HEAF also spends classroom time honing English and math, practicing for college-admissions tests, and perfecting university applications. HEAF graduates have become doctors, attorneys, professors, and military officers.

HEAF’s participants and alumni are its most convincing spokesmen.

“My mom expects me to go to college, and being a part of HEAF is helping me to meet that expectation,” says a Manhattan Village Academy junior named Kevin. The government-school student continues, “Like my T-shirt says: ‘Come to HEAF, go to college.’”

“HEAF made the college-application process a lot easier,” explains Teleah Slater, a Brandeis-bound graduate of New Explorations into Science, Technology, and Math High School, a government campus. “I had a lot of difficulty writing my personal statement. One of the staffers stayed about two hours after the office closed to talk with me about what I wanted to say and develop an outline, so I could get started.” The Harlem resident continues: “HEAF always has been supportive, not just academically, but emotionally. Whenever you have a problem, they always are there to help.”

“If it weren’t for HEAF and its great staff, I wouldn’t be attending Syracuse University,” says Kwame Phipps, who already has started there after graduating from All Hallows High School, a Catholic school in the Bronx run by the Christian Brothers order. “I heard about Syracuse University, but never had seen it in person until my junior year on the annual HEAF Junior College Tour. Once I saw the university, I knew this is where I wanted to be.” He adds: “HEAF always offered their services whenever I was in need, from one-on-one help to get my college list organized the summer before my senior year to providing free SAT classes to help boost my score. Without these things, the idea of attending college never would have been possible.”

“As an immigrant from the Dominican Republic, no one in my family knew much about American colleges or the education system,” says a HEAF alumnus named Manny, now at the Massachusetts Institute of Technology. The graduate of the High School for Math, Science, and Engineering, a government institution, continues: “HEAF was there for me as both a support group and a way of getting out of an insulated shell. If not for HEAF, I would not find myself at MIT today.
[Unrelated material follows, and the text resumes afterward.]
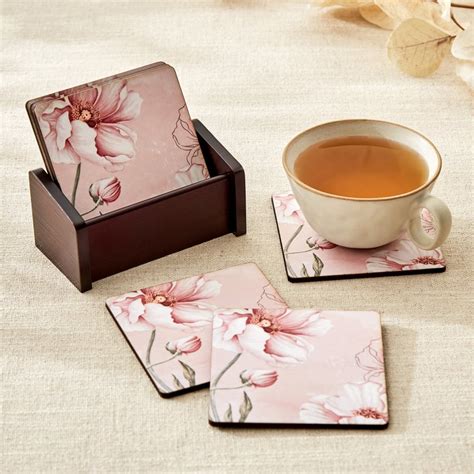 Buy Alora Blush Serenity Set of 6 Wooden Coasters with Holder from Home ...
I am the first in my family to go to college.”

“In this era of tight budgets, extracurricular activities are the first to be cut,” says Charles Sahm, deputy director of the Manhattan Institute’s Center for State and Local Leadership. “HEAF is a model for how non-profits can fill the void and add new energy and ideas to the education mix.”
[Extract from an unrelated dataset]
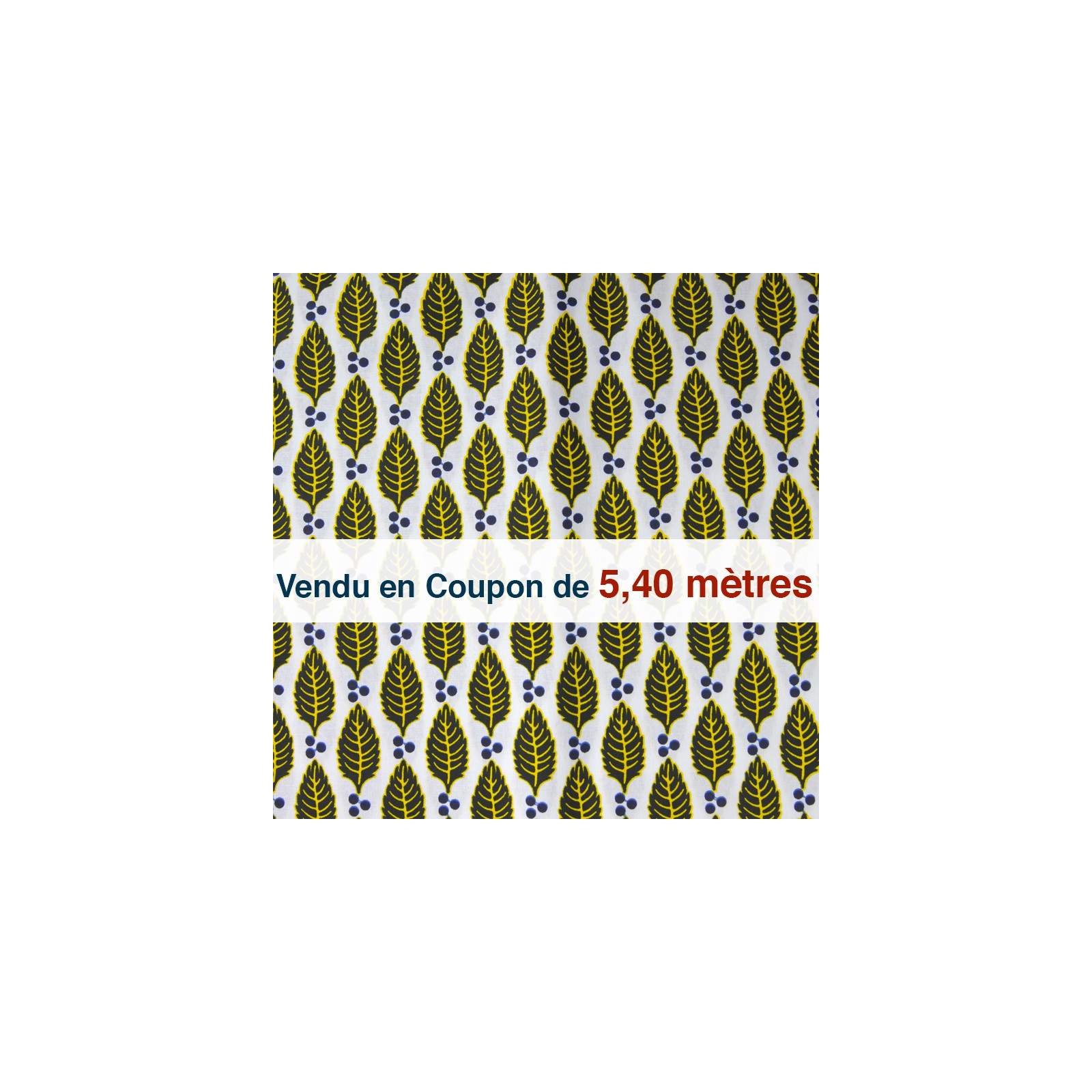 Tissu Africain - Wax Fougères ( coupon de 5,40 mètres)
HEAF is the brainchild of Manhattan real-estate developer Daniel Rose. He has prospered by building and managing properties throughout Gotham. Sitting in his Madison Avenue conference room, beneath a painting of a skyscraper under construction, Rose laments that some consider underprivileged children “human bonsais, because external conditions have restrained their growth.” Instead, Rose explains, “We want to help children grow to their full height. If they have it in their capacity, we want to help them develop their full potential.”

He also stresses that HEAF does not merely pat students on their backs, regardless of achievement. It demands and generates excellence.
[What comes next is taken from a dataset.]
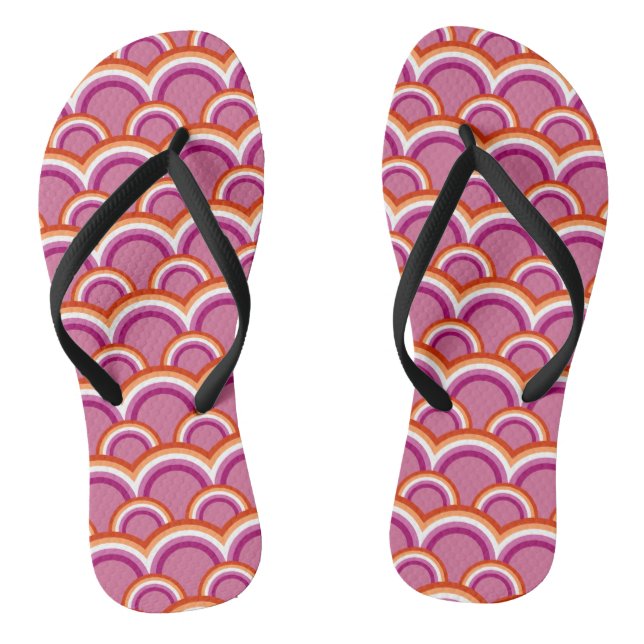 Lesbian pride flag rainbow pattern thongs (Footbed)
“We don’t promulgate self-esteem,” Dan Rose smiles. “We inculcate self-confidence to achieve tasks for which we help students prepare. We are not selling an education, a degree, or a job. Our goal for each HEAF student is a life that is satisfying and fulfilling.”

— New York commentator Deroy Murdock is a Fox News contributor, a nationally syndicated columnist with the Scripps Howard News Service, and a media fellow with the Hoover Institution on War, Revolution, and Peace at Stanford University.